Kudos to scribes who analyze and who get it right, especially if they did not feel the earth, smell the air, taste the water of the time. Yet, first-person reflection is as valuable as primary research, for setting the record, for authenticity. It’s a check on analysis after the fact. So, here goes, from someone who was there, before, during, after.
Fifty years ago, Nov. 22 was a Friday, as it is in 2013. About 12:30 p.m. I was flipping TV channels when I paused at WCBS-TV, New York. A soap opera was in progress, of no interest to a young fellow age 21, but the long thread of its story line, including every emotion there is, caught my interest and I lingered. But not for long.
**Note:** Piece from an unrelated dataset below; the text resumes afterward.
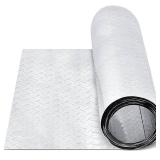 Zonon Diamond Plate Sheet Metal Aluminum Plate Heavy Duty Tread Aluminum Sheet Embossed Aluminum Diamond Checker Plate for Wall Covering, Cargo Trailer, Rv and More (96 Ã 48 Inch) Retail $160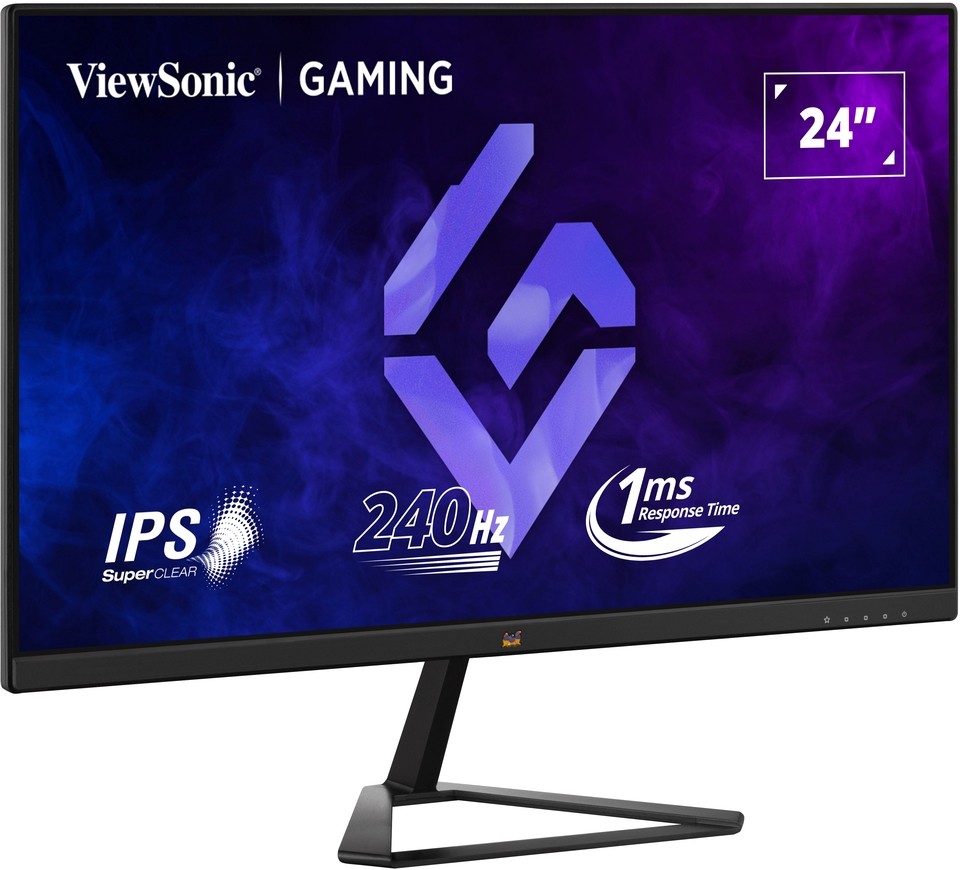 Монитор Viewsonic VX2479A-HD-PRO 24", черный (VX2479A-HD-PRO) фото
Quickly, on the simple black and white set, with just seven channels available through a rooftop antenna, came a bold screen with large letters shouting “CBS-TV NEWS BULLETIN.” Then the signal switched to a live newsroom, Walter Cronkite at a small desk, professional but with almost incredulous tones, reading wire service copy: “There has been an attempt on the life of President Kennedy . …” The venerable reporter and commentator did not leave his post for a day, and this America remained glued to the TV for even longer, over an increasingly somber weekend and through JFK’s burial.
So much changed on Nov. 22, 1963, when 90 minutes later, after numerous news flashes of increasingly negative tone,  Cronkite read another bulletin: “From Dallas, Texas, the flash is apparently official: President Kennedy died at 1 p.m. today, Central Standard Time, 2 p.m. Eastern Standard Time.”
As a young man, idealistic as so many of us were in that folk-singing era when youth had infused stodgy government, when hope seemed a sure bet despite a lingering recession, the Cuban missile crisis and still-distant war drums in Vietnam, the president’s death shortened our sunny days, coinciding with the coming winter solstice. In JFK’s place was an older man, the less articulate, old-style politician Lyndon Johnson. He reassured the country as an uncle might after you lose your cool dad, and perhaps that made you get into bed, feel a bit tucked in and have some sleep. But the next morning you knew things would never, ever be the same.
And they have not been the same. Presidencies since JFK have become increasingly isolated, surrounded by necessary security to protect our national leader from nuts but in the process putting the person into a cocoon apart from the people. Elect a president and you never see him (her?) again except through the filters his advisers employ. They have his ear, these special interests of whatever bent, not the citizens who cry when their presidents are taken from them.
Ever more complex is our government today, and the super economic power concentrated in the secretive military/industrial complex that Eisenhower the old warrior warned us about is much stronger and deeply entrenched. Moneyed lobbies increasingly rule the nation.
Today no president has simple choices, for the world is so very complex. Idealism seems reserved for the political stump, not for the Oval Office.
John Fitzgerald Kennedy, may he rest in peace, kept the stump with him for much of his short tenure, continuing his well-phrased speeches, strumming the rhythm of the song of hope. What success or failure or a mixture of both he might have brought to the nation – in the economy, in dealing with the Cold War, in Vietnam – can only be conjectured. Was his the last approachable presidency? That, too, is speculative.